If generals were indeed exempted, then why is there this chapter?

AR 670-1 Chapter 21-5: Grade insignia for general officers

a. Description. The grade insignia described below applies to male and female general officers.

(1) General. The nonsubdued grade insignia has four silver-colored, five-pointed stars, each 1 inch in diameter. Medium silver-colored stars, 3/4 inch in diameter, and miniature silver-colored stars, 5/8 inch in diameter, also are authorized. The general officer subdued grade insignia will be 3/4 inch stars point to vertex, 1/8 inch apart. The subdued grade insignia will be four black stars embroidered on the camouflage pattern, 2 inches by 3 1/4 inches overall, with both hook-and-loop fastener attached for wear on utility uniforms and ECWCS (see fig 21–24).

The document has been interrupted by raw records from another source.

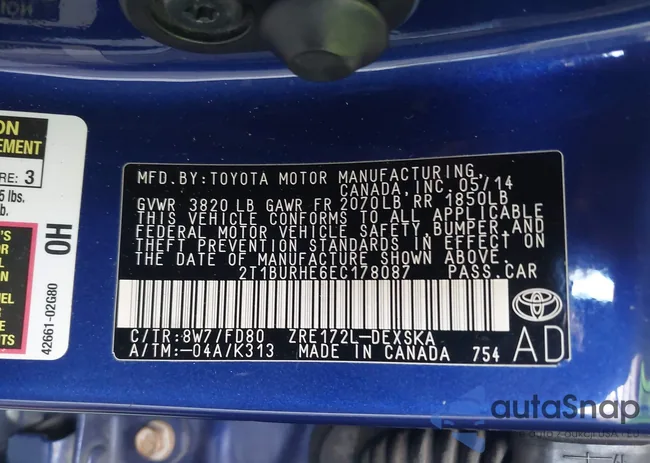 2T1BURHE6EC178087: 42994747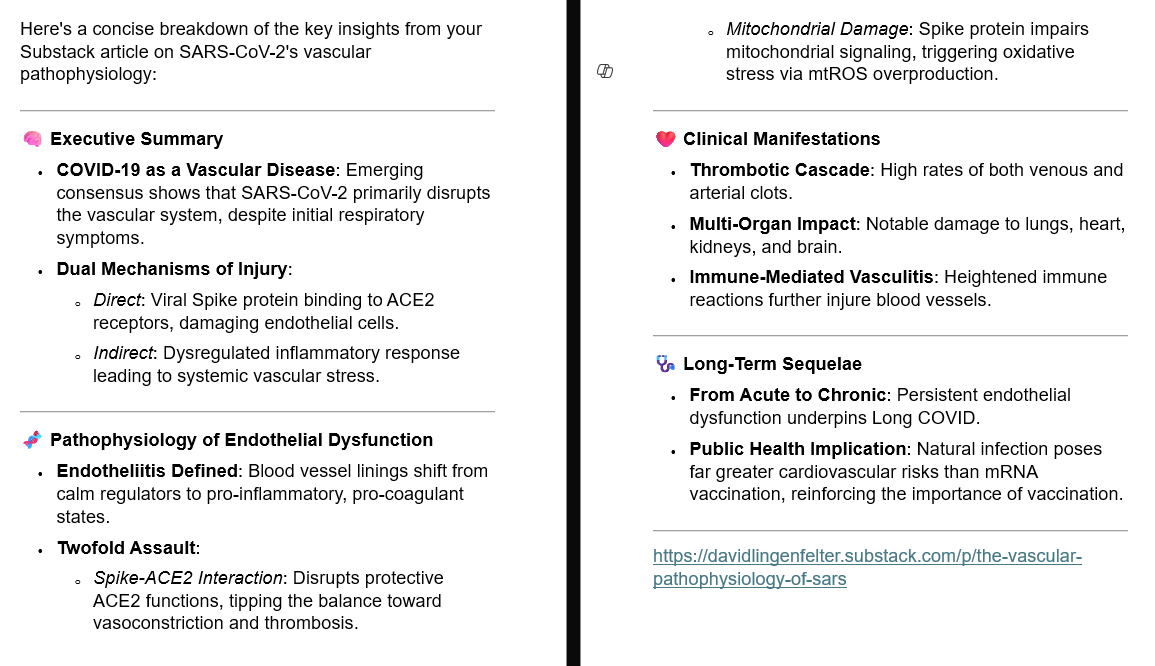 Emerging consensus shows that SARS-CoV-2 primarily disrupts the vascular system, despite initial respiratory symptoms.

Persistent endothelial dysfunction underpins Long COVID.
davidlingenfelter.substack.com/p/the-vascular…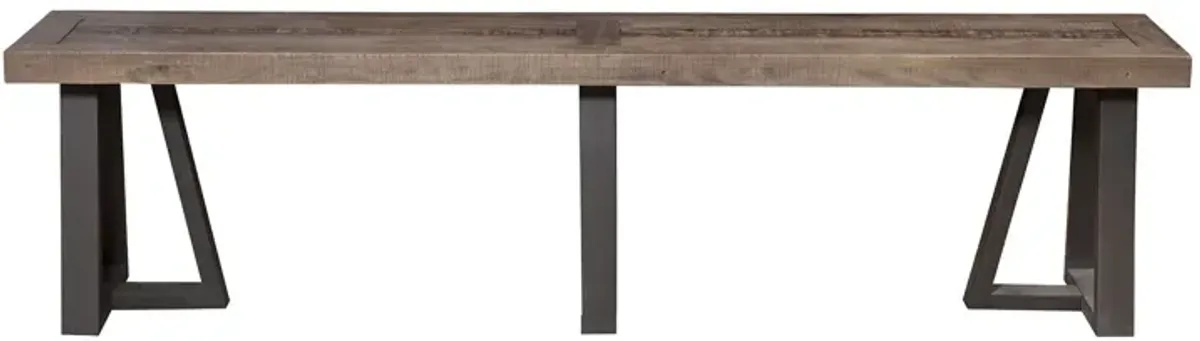 Distressed Solid Wood Dining Bench - Natural / Black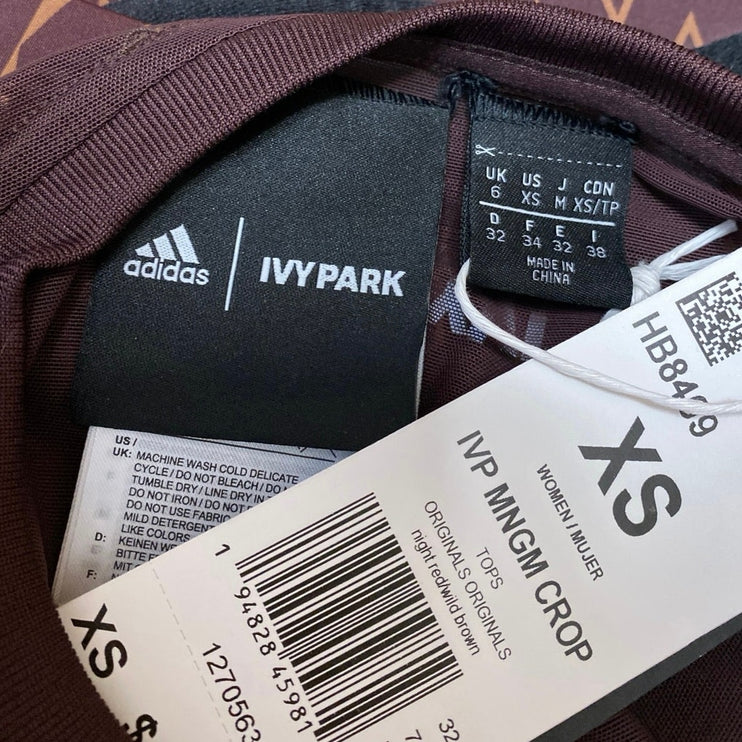 NEW Adidas x Ivy Park Brown Sheer Long Sleeve Sport Fitness Training Top Size XS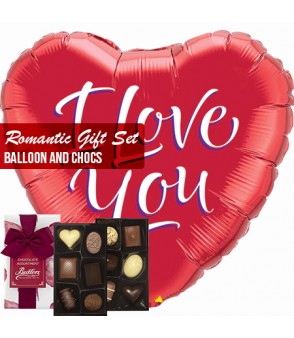 Romantic gift set big balloon and chocs
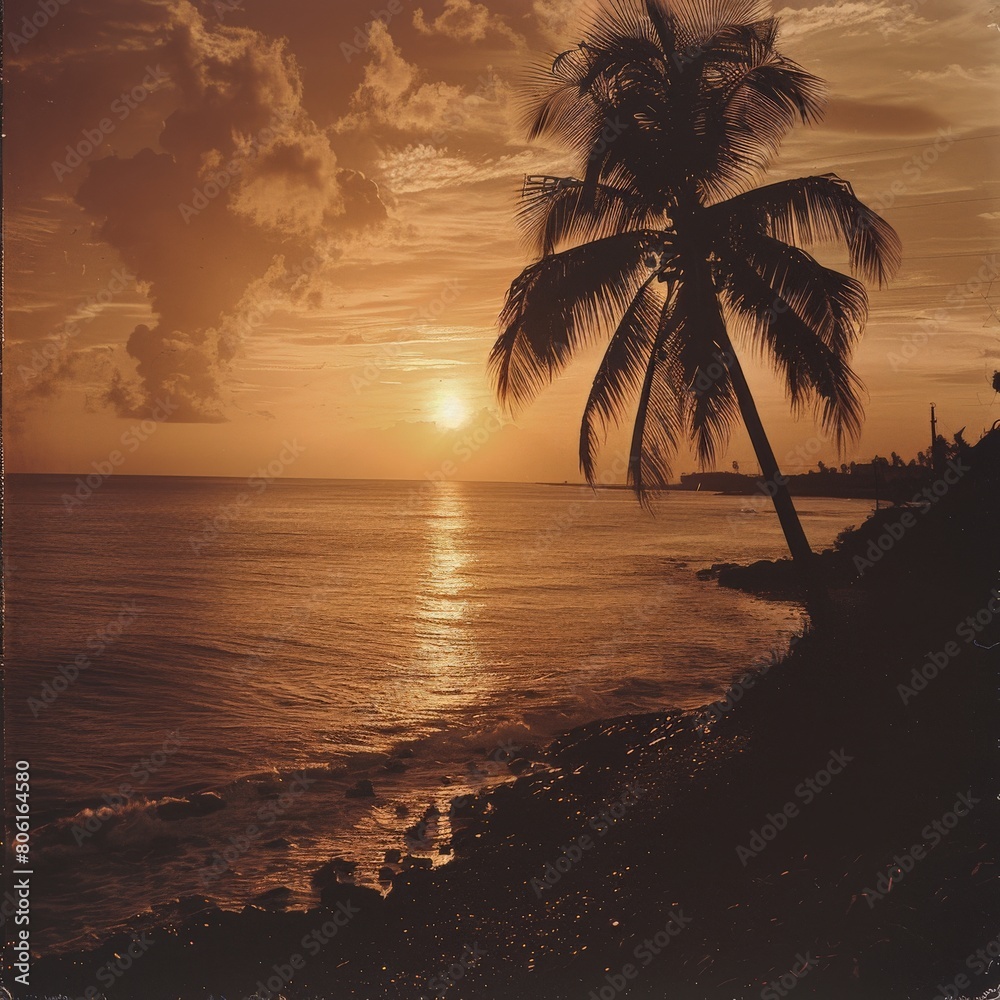 Silhouette Palm Tree on Beach by Ocean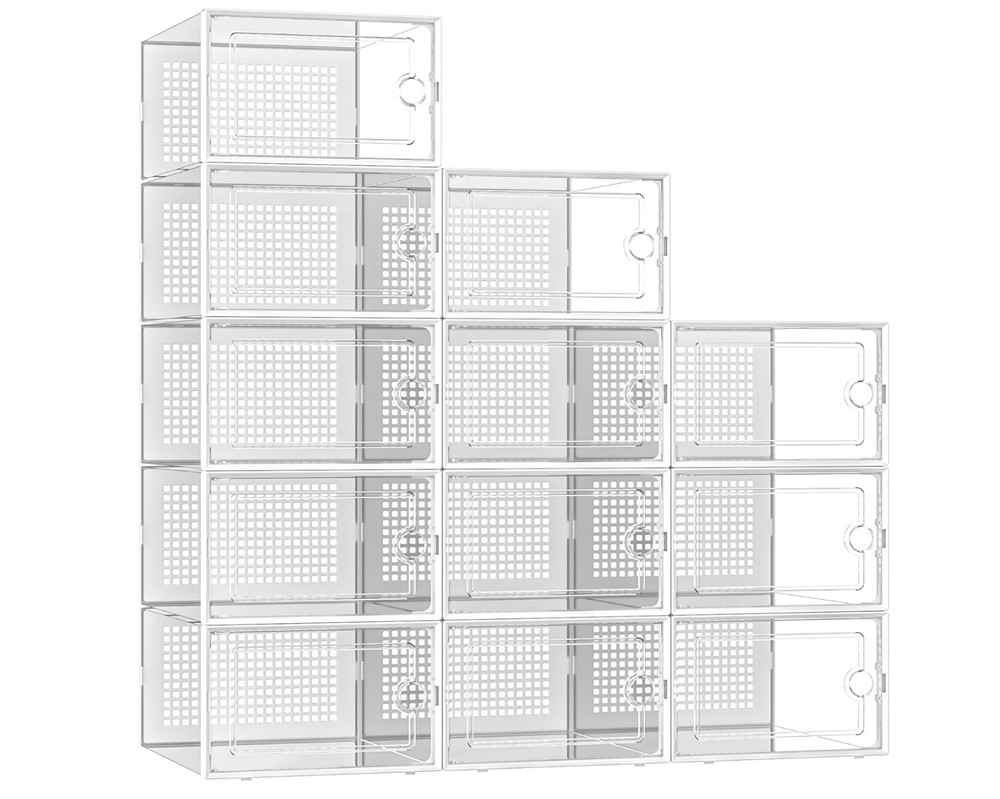 X-Large Shoe Storage Boxes Organizers Clear Plastic Stackable 12 Pack, Shoe Rack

(2) Lieutenant general. The nonsubdued grade insignia has three silver-colored, five-pointed stars, each 1 inch in diameter. Medium silver-colored stars 3/4 inch in diameter and miniature silver-colored stars, 5/8 inch in diameter, also are authorized. The subdued lieutenant general grade insignia will be three black stars embroidered on the matching camouflage pattern, 2 inches by 3 1/4 inches, and will have both hook-and-loop fastener attached for wear on utility uniforms and ECWCS (see fig 21–25).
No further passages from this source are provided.